This entry is about a few problems the search engine has been struggling with lately, and how I’ve been attempting to remedy them.
Before the article starts, I wanted to share an amusing new thing in the world of Internet spam.
For a while, people have been adding things like “reddit” to the end of their Google queries to get less blog spam. Well, guess what? The blog spammers are adding “reddit” to the end of their titles now.
One of the great joys of this project is watching the spammers’ strategies evolve in real time.
A persistent problem I’ve had is simply not getting a lot of results. A part of this is because the index is small, sure, but it still seems like there should be more.
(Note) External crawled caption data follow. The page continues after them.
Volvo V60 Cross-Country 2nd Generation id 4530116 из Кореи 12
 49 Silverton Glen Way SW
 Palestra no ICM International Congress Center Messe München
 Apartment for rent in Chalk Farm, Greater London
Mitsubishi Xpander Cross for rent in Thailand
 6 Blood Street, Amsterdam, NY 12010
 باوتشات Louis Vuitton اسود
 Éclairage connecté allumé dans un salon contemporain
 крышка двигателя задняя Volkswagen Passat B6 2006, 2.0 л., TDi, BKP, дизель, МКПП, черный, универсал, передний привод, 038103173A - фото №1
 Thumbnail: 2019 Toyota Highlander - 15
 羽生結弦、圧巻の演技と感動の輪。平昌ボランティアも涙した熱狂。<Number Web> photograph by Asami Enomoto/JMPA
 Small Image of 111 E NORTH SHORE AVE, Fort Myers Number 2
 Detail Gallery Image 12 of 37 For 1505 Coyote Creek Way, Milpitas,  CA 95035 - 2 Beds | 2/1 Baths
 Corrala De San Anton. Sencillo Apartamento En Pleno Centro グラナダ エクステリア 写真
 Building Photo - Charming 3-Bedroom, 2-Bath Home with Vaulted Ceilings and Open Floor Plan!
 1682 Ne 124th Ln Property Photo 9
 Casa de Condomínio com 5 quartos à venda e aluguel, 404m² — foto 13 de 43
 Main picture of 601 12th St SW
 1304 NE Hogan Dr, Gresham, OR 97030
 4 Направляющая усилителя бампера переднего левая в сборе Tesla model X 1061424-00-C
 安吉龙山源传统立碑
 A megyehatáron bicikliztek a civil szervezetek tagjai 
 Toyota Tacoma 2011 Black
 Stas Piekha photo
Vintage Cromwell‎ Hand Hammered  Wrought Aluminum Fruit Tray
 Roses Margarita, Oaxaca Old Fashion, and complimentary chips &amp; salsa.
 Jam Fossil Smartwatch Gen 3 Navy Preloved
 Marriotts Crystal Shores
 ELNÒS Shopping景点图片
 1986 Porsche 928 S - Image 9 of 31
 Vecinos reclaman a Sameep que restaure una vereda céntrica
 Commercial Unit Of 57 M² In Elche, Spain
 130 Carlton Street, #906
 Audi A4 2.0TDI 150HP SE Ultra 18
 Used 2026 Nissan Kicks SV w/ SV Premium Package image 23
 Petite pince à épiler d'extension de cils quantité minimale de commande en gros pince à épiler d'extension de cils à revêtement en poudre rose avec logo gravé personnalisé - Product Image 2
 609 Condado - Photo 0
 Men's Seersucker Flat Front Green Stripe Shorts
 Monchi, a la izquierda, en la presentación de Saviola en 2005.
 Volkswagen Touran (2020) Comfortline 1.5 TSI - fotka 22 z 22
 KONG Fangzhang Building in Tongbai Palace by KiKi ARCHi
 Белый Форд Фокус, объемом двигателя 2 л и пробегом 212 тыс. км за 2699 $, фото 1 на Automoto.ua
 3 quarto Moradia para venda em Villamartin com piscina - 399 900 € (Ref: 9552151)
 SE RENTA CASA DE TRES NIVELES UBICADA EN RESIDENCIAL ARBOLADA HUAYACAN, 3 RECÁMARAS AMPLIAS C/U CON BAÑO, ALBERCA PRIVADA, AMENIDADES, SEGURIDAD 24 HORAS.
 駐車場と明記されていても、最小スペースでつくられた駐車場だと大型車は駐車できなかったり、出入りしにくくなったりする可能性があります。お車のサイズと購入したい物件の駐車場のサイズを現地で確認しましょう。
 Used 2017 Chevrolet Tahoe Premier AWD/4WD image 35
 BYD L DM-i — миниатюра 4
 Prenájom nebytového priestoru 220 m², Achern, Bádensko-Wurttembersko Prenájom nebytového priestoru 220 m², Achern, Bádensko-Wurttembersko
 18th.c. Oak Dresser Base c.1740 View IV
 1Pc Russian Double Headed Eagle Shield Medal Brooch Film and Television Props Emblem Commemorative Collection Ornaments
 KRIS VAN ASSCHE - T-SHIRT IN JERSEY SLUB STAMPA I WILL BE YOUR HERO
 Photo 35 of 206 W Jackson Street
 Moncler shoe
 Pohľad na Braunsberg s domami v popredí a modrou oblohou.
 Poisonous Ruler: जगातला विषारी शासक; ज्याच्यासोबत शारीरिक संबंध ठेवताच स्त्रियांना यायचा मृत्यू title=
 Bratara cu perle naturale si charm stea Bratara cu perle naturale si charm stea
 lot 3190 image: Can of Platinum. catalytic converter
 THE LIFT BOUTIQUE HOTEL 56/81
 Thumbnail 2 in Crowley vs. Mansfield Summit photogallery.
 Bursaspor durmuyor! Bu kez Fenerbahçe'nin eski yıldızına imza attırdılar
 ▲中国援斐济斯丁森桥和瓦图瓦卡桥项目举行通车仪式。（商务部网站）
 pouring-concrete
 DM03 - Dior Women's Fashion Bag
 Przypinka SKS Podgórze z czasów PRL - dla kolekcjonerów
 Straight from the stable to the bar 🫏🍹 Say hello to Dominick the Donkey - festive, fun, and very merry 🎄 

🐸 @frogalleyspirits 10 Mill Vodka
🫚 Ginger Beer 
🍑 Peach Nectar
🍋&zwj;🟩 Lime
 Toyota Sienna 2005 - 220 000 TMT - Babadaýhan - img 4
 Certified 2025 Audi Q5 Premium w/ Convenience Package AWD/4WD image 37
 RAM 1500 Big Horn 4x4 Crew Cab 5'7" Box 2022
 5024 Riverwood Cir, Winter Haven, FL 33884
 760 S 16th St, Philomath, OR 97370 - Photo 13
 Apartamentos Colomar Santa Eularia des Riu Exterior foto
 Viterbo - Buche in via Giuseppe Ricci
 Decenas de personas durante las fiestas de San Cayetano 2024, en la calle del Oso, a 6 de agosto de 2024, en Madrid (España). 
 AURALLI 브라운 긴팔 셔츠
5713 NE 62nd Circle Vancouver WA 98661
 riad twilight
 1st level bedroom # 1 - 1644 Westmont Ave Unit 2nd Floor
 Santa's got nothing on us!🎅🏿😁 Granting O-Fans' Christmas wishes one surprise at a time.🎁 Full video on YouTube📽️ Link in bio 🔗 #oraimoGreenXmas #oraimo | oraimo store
Oftentimes there are more, if you alter the query a little bit, but that’s really hard to see.
I’ve had some code generating alternate queries for a while (like pluralizing/depluralizing words), but it’s been almost comically dumb and only added additional terms in a few rare cases. A big constraint is budgetary, I simply can’t try every possible permutation.
A new approach is to use part-of-speech information to limit which variants are tested, as well as using a term frequency dictionary to filter out alternatives that probably don’t exist anywhere in the index.
To give you an idea of what it’s generating, this is the n-grams it will search for if you enter “The Man of Tomorrow”.
the_man_of_tomorrow man_of_tomorrow the_man, tomorrow the_man, tomorrows man, tomorrow man, tomorrows
I’m choosing this not only because it illustrates the re-writing logic, but also because it’s a bit of a pathological case that shows some bad rewrites. Some of these are clearly more relevant than others. “man, tomorrows” is pretty useless. The queries are evaluated in the listed order, so in most cases it doesn’t matter too much.
It will also try some additional rewrites, such as concatenating terms under certain circumstances, and breaking them apart in others.
“TRS80” will produce “trs80” and “trs_80”, and conversely “TRS-80” will also yield a “trs80”-term.
“Raspberry Pi 2” will produce
raspberry_pi_2 raspberrypi, 2 raspberry, pi_2 raspberry_pi, 2 raspberry, pi, 2
The next big problem has been that the search engine has been spectacularly good for narrow topics. If your search term was one topic, and that topic was broadly within the range of things covered by the index, oh boy did it occasionally produce some stellar results.
If you however tried to refine the results by adding more search terms, the results often drastically got worse.
For example: If you searched for “graph algorithms”, you found a beautiful page on graph algorithms, including Strongly Connected Components. If you searched for “graph algorithms SCC”, that page ranked very low, and instead most of what floated to the top was junk. That’s pretty weird. It took a while to figure out what was going wrong.
While the search engine has gotten reasonably good at figuring out which search terms are relevant to a document, it was bad at figuring out which search terms are relevant to a query. This is fine if there is only one term, but for multiple terms, things fall apart. It would, in short, use the relevance of the least relevant term (with regard to the document) to rate the relevance of the search result.
If we consider a query like “C++ tutorial”, ignoring N-grams, we can see that these terms are not equal. Ideally we’d like all terms to be highly relevant, but in the case that they aren’t, it’s much better to show results that are highly relevant to “C++” but only briefly mentions “tutorial”, than terms that are highly relevant to “tutorial”, but only briefly mention “C++”.
A way of using this is to consider the term frequency of the search term across all documents. Terms that occur often are probably less informative than terms that are rarer.
Ideally you would use something like Okapi BM25, but the information that ranking function requires is not something that is readily available the way the search index is currently implemented, so I’ve had to, using what I have available, cook up something that behaves in a similar way; a average weighted on in inverse document frequency.
Both these changes are pretty rough, and still need some more polish, but I do think they are steps in a good direction. At the time of writing, these features are incubating, and only fully enabled for the ‘Experimental’ index. When I’m happy with how it works, I will apply it to the other indices.